Try it >> Please output exactly the lines below, starting at the line that has "Urageuxy Indoor Outdoor" and ending at the line that has "Delicious creme caramel dessert", both included; leave out all pictures and include nothing else.

*** Supplied records Section Begins ***

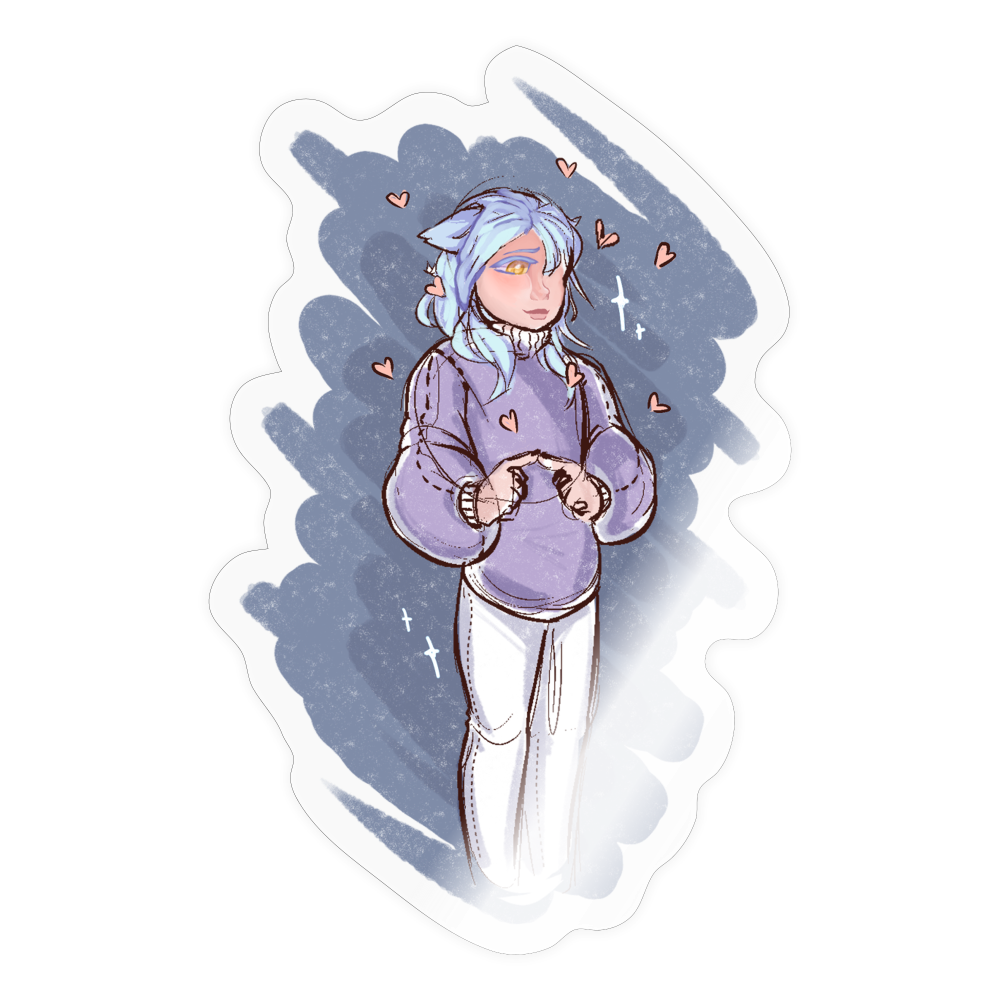 Yuuto Fanart Sticker - transparent glossy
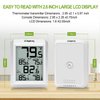 Urageuxy Indoor Outdoor Thermometer Wireless Digital Thermometer with Indoor and Outdoor Temperature Display for Home Room Monitoring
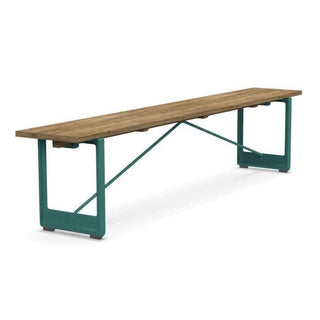 Magis Brut bench with structure 220x35 cm. Magis Green 5126 - Buy now on ShopDecor - Discover the best products by MAGIS design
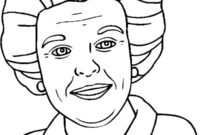 Ausmalbild beatrix prinzessin der niederlande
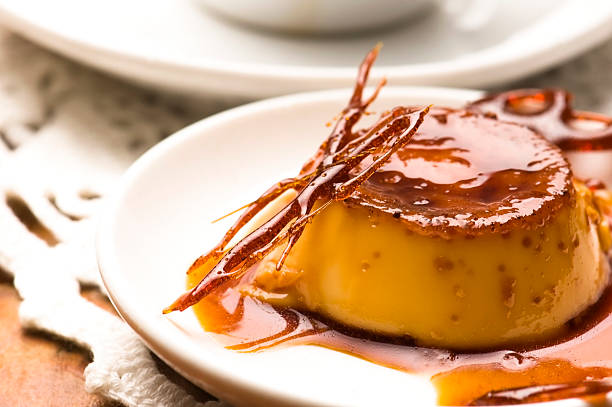 Delicious creme caramel dessert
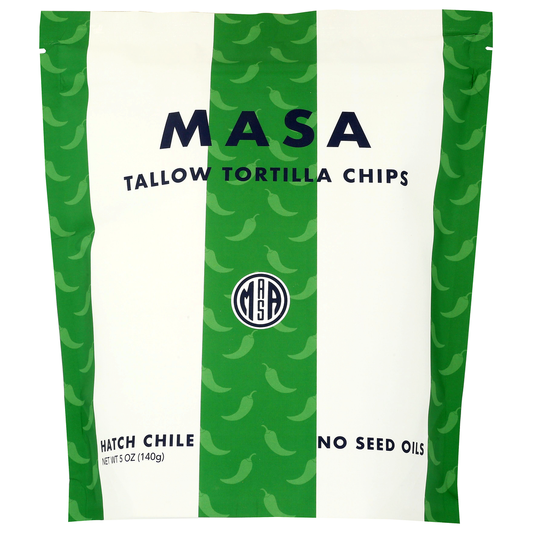Masa Hatch Chile Tortilla Chips, 5oz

*** Supplied records Section Ends ***

Answer >>
 Urageuxy Indoor Outdoor Thermometer Wireless Digital Thermometer with Indoor and Outdoor Temperature Display for Home Room Monitoring
 Magis Brut bench with structure 220x35 cm. Magis Green 5126 - Buy now on ShopDecor - Discover the best products by MAGIS design
 Ausmalbild beatrix prinzessin der niederlande
 Delicious creme caramel dessert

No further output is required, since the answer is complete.